Last week, Truth Wins Out expressed concern that the ex-gay Exodus Global Alliance is helping to draw youths with drug and alcohol problems into involuntary and antigay “Teen Challenge” programs in the United States and New Zealand.

Now we learn from Ken Avidor (via Pam Spaulding) that U.S. Senator Amy Klobuchar is requesting $500,000 in U.S. taxpayer money for Minnesota Teen Challenge, a pray-away-the-drugs program whose parent organization — strangely enough — hires ex-gay speakers, utilizes ex-gay media, and is operated by the Assemblies of God, the world’s largest Pentecostal denomination.

The “Teen Challenge” network apparently offers no reputable professional counseling; instead, its amateur employees program youths with church ideology while blaming teens’ problems on “Satanic” influences such as Halloween and Harry Potter. It offers no well-designed tracking of success and failure rates; its reports and supposed success stories appear to consist of isolated anecdotes and head counts which exclude youths who failed to complete a treatment program.

Treatments, by the way, reportedly include up to a year of residency in isolation, denial of medical treatment, and relentless assaults upon Jewish and other non-evangelical faith perspectives. Supporters include U.S. President-elect Barack Obama’s rumored choice for drug czar, former congressman Jim Ramstad.

Maia Szalavitz of The Huffington Post is alarmed at Teen Challenge’s substitution of brainwashing for sound medical treatment:

Further, according to Teen Challenge, “Addiction is a sin, not a disease.” Consequently, the program does not allow the use of medication.

Beyond this, it humiliates and attempts to “break down” people with addictions, using techniques that I have covered extensively elsewhere that are known to do more harm than good.

Since half of all addicts have a co-existing mental illness which often requires medication, banning it is not exactly evidence-based practice. And since there are medications that can help treat particular addictions, this is even more absurd. Given that Ramstad sponsored a bill to change the name of the National Institute on Drug Abuse to the National Institute on Diseases of Addiction, it is deeply troubling that he’d support an organization which views it as sin.

Andy Birkey of the Minnesota Independent says that Teen Challenge’s acceptance of past and future federal subsidies obligate it to submit to public scrutiny and accountability:

If you accept taxpayer money, you have to accept that you’re going to receive public scrutiny. That simple point seems to be eluding Minnesota Teen Challenge (MNTC), the faith-based drug treatment program which secured a federal earmark in early 2008 arranged by Rep. Jim Ramstad and Sen. Amy Klobuchar, for its “Know the Truth” program which aims to prevent drug use.

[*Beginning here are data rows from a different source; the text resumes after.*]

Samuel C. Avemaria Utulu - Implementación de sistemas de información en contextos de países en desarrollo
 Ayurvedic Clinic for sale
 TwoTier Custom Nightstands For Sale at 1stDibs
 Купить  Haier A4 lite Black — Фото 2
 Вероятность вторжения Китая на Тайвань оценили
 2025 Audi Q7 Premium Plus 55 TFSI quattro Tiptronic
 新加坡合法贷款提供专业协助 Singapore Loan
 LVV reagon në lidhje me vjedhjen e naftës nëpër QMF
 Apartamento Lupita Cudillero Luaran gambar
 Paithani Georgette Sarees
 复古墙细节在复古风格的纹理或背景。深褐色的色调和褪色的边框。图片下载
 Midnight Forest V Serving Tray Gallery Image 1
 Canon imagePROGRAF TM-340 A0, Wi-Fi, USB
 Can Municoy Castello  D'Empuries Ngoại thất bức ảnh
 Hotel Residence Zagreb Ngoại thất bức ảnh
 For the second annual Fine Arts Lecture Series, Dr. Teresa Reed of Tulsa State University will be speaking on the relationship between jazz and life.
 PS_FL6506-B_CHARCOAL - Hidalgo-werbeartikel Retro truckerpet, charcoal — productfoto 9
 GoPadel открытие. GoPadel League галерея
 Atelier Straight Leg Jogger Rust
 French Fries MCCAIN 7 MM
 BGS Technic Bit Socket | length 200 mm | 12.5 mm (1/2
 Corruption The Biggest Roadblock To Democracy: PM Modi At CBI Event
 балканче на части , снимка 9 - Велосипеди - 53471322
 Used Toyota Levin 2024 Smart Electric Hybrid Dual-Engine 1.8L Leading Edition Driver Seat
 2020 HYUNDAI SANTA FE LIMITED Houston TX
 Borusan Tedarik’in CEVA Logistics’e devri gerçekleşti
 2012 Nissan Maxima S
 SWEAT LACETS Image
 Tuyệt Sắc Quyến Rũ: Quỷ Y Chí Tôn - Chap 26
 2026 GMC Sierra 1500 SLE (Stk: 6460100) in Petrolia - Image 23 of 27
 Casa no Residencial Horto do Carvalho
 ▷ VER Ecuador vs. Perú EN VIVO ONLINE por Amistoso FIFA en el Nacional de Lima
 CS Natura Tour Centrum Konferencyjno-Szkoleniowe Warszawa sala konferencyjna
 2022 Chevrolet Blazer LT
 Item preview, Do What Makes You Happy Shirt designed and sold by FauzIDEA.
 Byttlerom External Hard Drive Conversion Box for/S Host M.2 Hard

Operating close to the border of church and state, the group’s members are unrealistic if they think their work is not going to get attention.

…The point of my article was not to suggest that MNTC was not successful or beneficial, as Scherber implies. Rather it was to point out the overtly religious nature of the organization and that the program has historically been controversial. In the interest of brevity, I left some examples out. For instance, MNTC’s stance on Halloween verges on the comical (“Halloween is a day set up totally for Satan … The more people who go out dressed as demons, ghosts, witches and goblins, the more glory Satan receives”). …

I don’t question that faith-based programs can be very effective for those that share the programs’ faith. Faith is a huge motivator in people’s lives. I think MNTC has been very effective for the clients it serves. However, I don’t think it’s appropriate for judges, prosecutors or public defenders to suggest the program as an alternative to jail.

In economic boom times, taxpayer dollars should be restricted to professionally operated and audited facilities with solid, evidence-based performance records. In troubled economic times, taxpayer dollars should not be wasted on one prosperous denomination’s religious indoctrination centers.